The fog from the sea rolled in and out, temporarily obscuring our views and the warmth of the sun. This sea fog is the reason that the Crimean mountains, though not high, are considered dangerous, as the frequent and sudden fogs result in several deaths every season when inexperienced hikers become lost and stumble over the steep precipices on the edges of the mountain plateaus.
Deciding to take a break after our steep climb, we all settled down on the soft carpet of alpine grass and got out lunch. As usual, Cheryl and Ipulled out our standard lunch fare—cheese, bread, hard boiled eggs, cucumbers (in season now), apples, and cookies. Pavel and Olga, however, had other things in mind. First, Olga got out a flower print plastic tablecloth and spread it on the ground. Then she started hauling out food from her and Anton’s backpacks: a plastic container of cheese pancakes (made from the local cottage cheese called tovorg which is frequently sweetened with sugar); another container of cutlets (ground meat mixed with onions and herbs and fried in the ubiquitous sunflower oil);a large bag of cucumbers; bread (“baton” in Russian, what Americans call French bread);  pre-made sandwiches (egg salad I think) on two types of bread, white and dark; and apples and juice. Pavel added salo (cured slabs of fatback, an Ukrainian national food)that he cut into small pieces with his hunting knife, fried pieces of fish, and “blinchikis” (thin crepe-like pancakes wrapped around some kind of filling) filled with a meat/spice mixture that was quite tasty.

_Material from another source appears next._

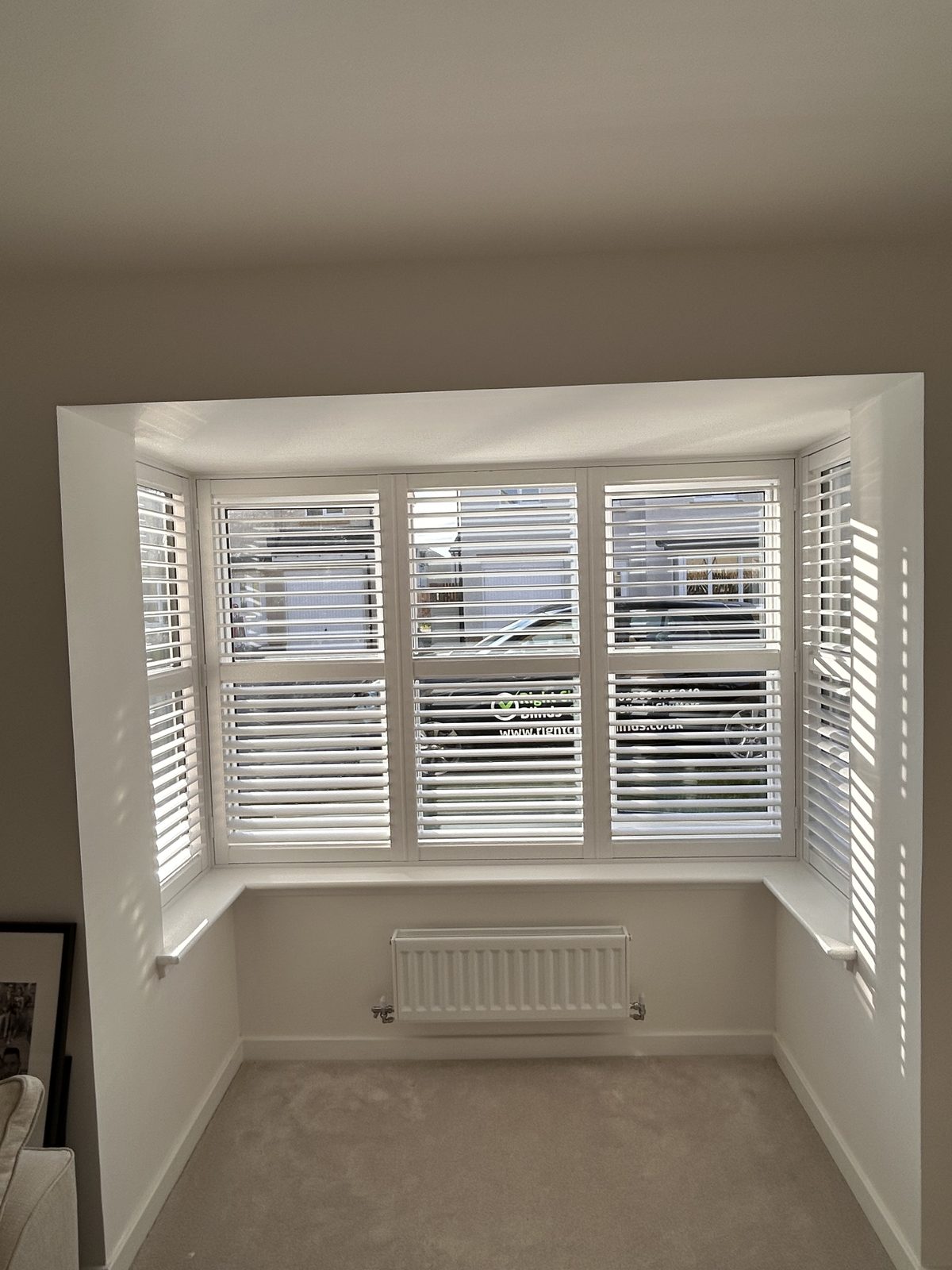 Wooden shutters fitted to a bay window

Both Olga and Pavel assured us that all the food was “domashne”—made at home from scratch, as it always is in Ukraine. Pavel even made sure that we knew his mother (whom I’m thinking must be at least 80) made those blinchikis. And also, as always, food was brought to share and in large quantities and was laid out in the middle of the tablecloth where we all gathered around and chose from the many offerings.
 I think about our typical American hiking lunches—each individual having their own sandwich and maybe an apple and a couple of cookies (something I have learned NOT to do here in Ukraine)--and think, “yep, these Ukrainians really have this food thing figured out.” What a wonderful meal in the middle of what turned out to be a long and arduous hike. It provided nourishment for our bodies and also a chance to share with other people, who before that day were mostly strangers, the fruits of our labor.

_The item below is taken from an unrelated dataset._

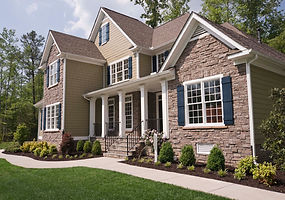 House with front landscaped and lush green grass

Rested, satiated, filled with the pleasure of eating delicious food surrounded by the beautiful scenery of Crimea, we were ready to trek on to the highest peak on Chatyr Dag, a few kilometers away, and then down and across the lower plateau to our final destination of the village of Perevalnoe and the trolleybus back to Simferopol. Daylight had faded by the time we arrived in the village after our 11-hour hike, but despite our tired and sore bodies, I think we were all filled with wondrous memories of the day and the gladness of finding new friends to share it with. And of having eaten some really good food.